Eventually though I poured in and said forget it, I was going to beat them, I knew their crux, I knew what they relied on to win and how to ruin it, and so I went about finding cards that removed single cards and all their duplicates from the game, thus neutering my friends decks. I got called cheap for it in return, but I had found a way to beat them.
It was after that I actually started opening up my characters and paying attention to tricks, not thinking of things as cheap. I'd acknowledge if something was gray in terms of programming and possibly even report it as a bug, but I'd continue using it, because it was there.
I'd never seen the playing to win series though, I think I'm going to enjoy it.
Magic is actually a really excellent example of a really deep game that (when the designers do it right) is extremely well balanced. Do you know about the official Magic website? Lots of great articles in there.

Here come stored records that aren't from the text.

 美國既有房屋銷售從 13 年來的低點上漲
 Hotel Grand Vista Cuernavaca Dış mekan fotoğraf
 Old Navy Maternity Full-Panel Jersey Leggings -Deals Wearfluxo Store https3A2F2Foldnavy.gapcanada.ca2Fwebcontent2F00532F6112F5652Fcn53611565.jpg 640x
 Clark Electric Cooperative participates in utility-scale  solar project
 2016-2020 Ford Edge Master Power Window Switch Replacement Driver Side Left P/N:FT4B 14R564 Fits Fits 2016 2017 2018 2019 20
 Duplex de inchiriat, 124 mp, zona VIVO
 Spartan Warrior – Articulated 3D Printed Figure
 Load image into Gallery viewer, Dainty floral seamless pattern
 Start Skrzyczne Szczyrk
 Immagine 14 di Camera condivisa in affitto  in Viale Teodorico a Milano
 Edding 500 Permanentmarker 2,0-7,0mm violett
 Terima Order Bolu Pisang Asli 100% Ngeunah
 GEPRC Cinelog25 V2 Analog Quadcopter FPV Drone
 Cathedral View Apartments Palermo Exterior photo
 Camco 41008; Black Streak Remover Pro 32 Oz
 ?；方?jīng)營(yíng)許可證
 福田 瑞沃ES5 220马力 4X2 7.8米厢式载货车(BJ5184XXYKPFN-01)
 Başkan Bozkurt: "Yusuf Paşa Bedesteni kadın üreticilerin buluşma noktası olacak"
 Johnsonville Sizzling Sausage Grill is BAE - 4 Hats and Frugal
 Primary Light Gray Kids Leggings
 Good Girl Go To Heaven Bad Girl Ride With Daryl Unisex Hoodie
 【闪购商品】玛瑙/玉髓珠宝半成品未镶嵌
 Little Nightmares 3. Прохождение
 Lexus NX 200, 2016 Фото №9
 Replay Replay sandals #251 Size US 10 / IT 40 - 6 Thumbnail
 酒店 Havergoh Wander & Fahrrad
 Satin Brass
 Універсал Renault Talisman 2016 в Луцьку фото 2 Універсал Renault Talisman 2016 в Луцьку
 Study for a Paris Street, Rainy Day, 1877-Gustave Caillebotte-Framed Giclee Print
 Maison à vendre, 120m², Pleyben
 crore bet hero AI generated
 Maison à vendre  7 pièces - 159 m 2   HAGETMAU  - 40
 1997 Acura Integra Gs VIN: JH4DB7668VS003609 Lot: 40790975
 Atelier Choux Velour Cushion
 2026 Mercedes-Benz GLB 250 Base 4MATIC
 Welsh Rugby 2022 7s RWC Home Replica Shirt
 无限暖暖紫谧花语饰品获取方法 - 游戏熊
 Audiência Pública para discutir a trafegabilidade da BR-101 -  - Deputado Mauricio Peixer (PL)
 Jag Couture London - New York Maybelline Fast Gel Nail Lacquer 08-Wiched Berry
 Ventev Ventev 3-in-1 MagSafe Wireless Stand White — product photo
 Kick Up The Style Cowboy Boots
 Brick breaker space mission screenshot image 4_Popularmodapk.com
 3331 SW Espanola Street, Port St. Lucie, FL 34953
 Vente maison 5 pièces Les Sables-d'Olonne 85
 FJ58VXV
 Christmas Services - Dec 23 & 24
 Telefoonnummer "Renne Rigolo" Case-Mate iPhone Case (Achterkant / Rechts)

And yeah, whenever I was into magic heavy my friends and I would hit the site all the time. Its where/how I would keep up with my friends plans for instawin combos. I'd watch what color they'd play and hold onto one thing to screw over any game winning combo hat could go with the deck.
I've been reading sirlin for years - preetttty awesome. I love his articles around the application of actual game theory and mathematical balance to games.. (of course!)
I had a similiar Starcraft journey.. and I'm still enamoured with the professional scene. Of note to your barracks comment - in pro matches of Starcraft it's not uncommon to see 15-20 factories/barracks constantly at work in the end game!